Material shown.
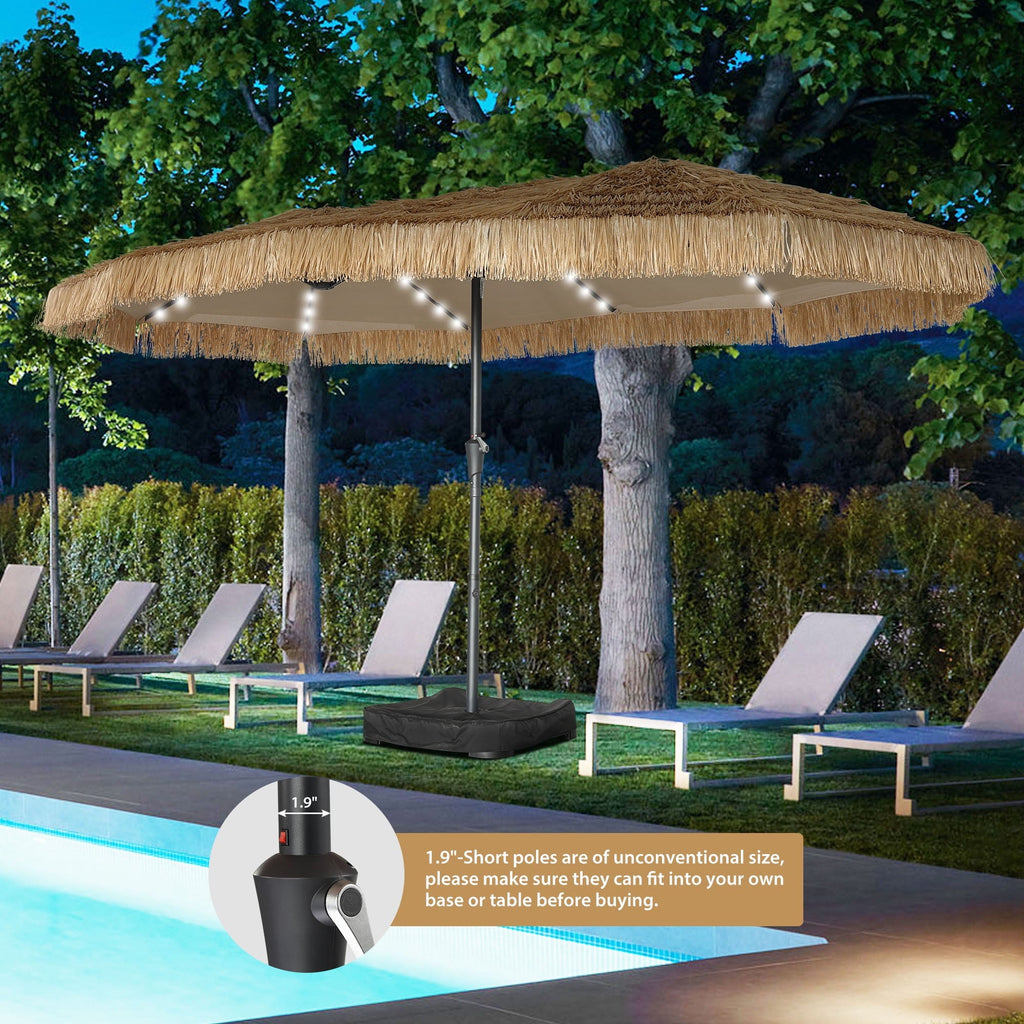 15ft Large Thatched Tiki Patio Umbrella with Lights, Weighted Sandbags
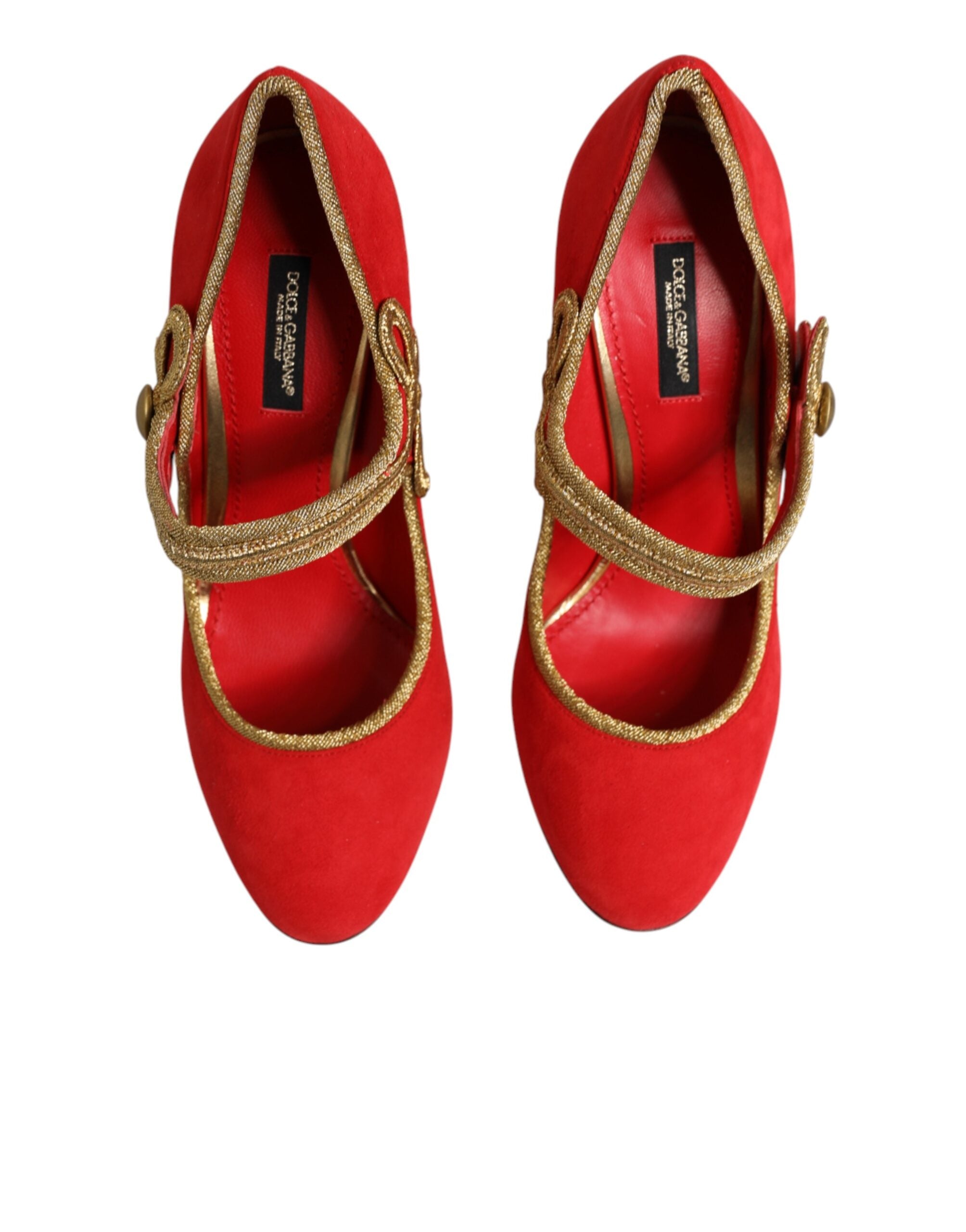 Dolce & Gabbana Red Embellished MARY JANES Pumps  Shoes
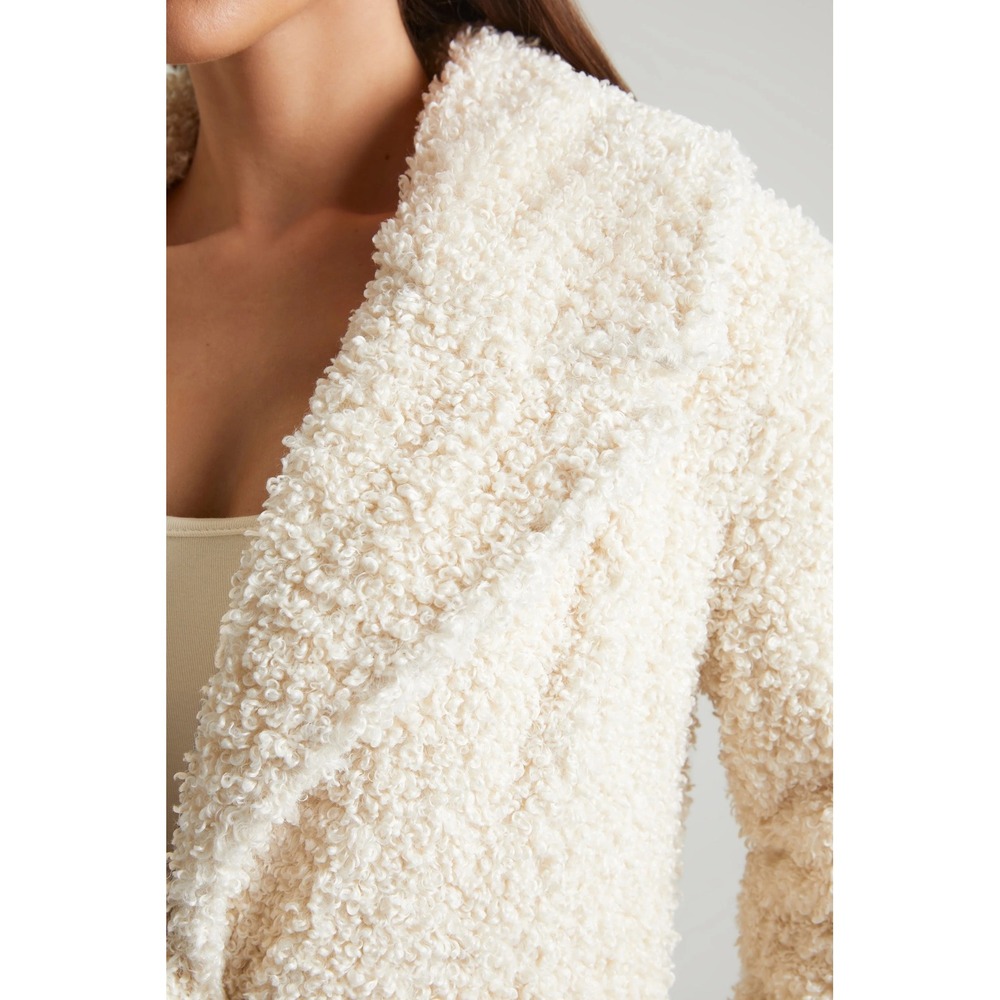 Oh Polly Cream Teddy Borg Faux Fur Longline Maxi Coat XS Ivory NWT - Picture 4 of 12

* * *

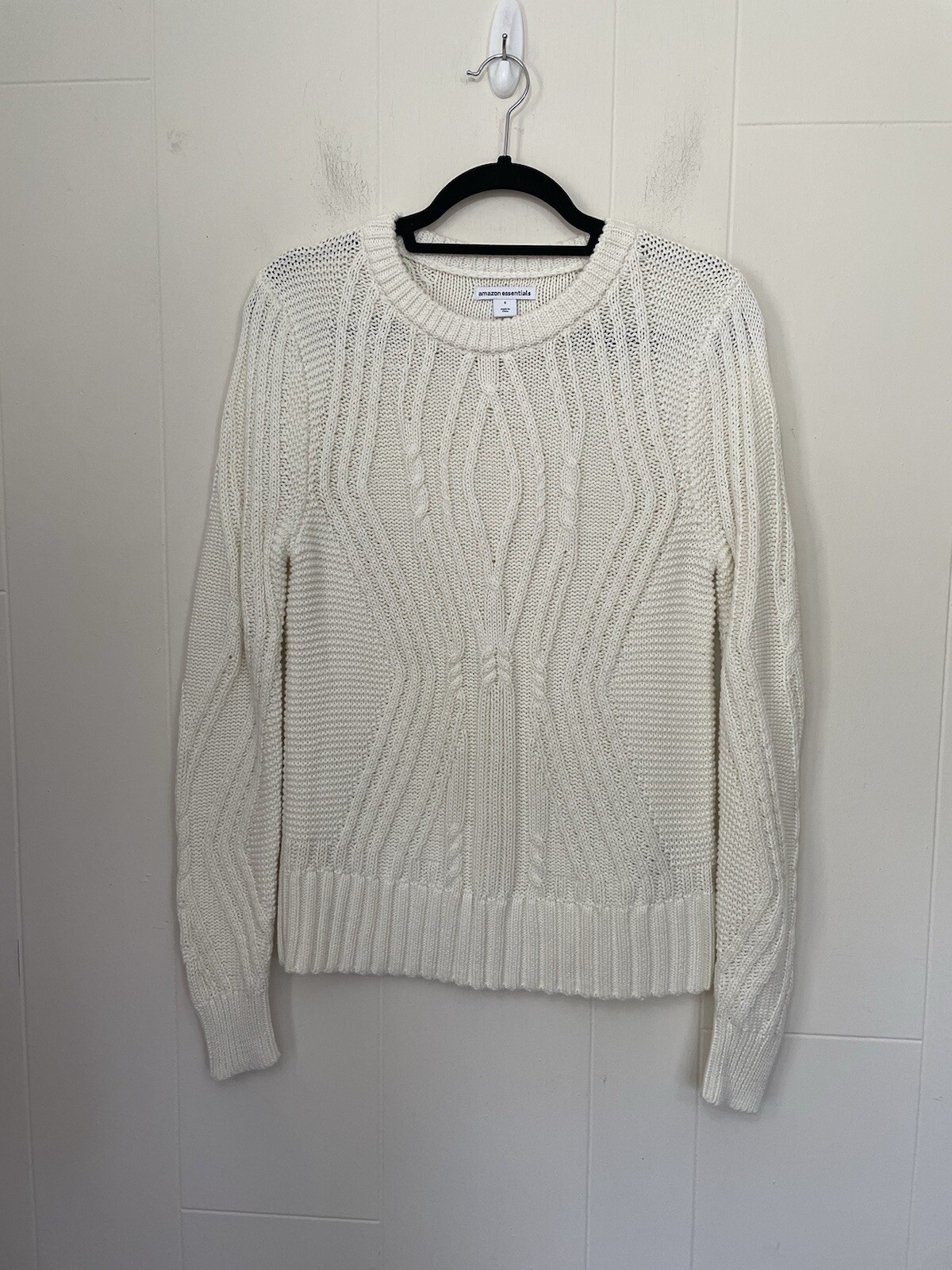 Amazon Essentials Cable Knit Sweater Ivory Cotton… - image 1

Assigned task. What you write must match the listing exactly, from the line with "Dolce & Gabbana" up to and including the line with "Oh Polly Cream". Pictures stay out.

Problem solution.
 Dolce & Gabbana Red Embellished MARY JANES Pumps  Shoes
 Oh Polly Cream Teddy Borg Faux Fur Longline Maxi Coat XS Ivory NWT - Picture 4 of 12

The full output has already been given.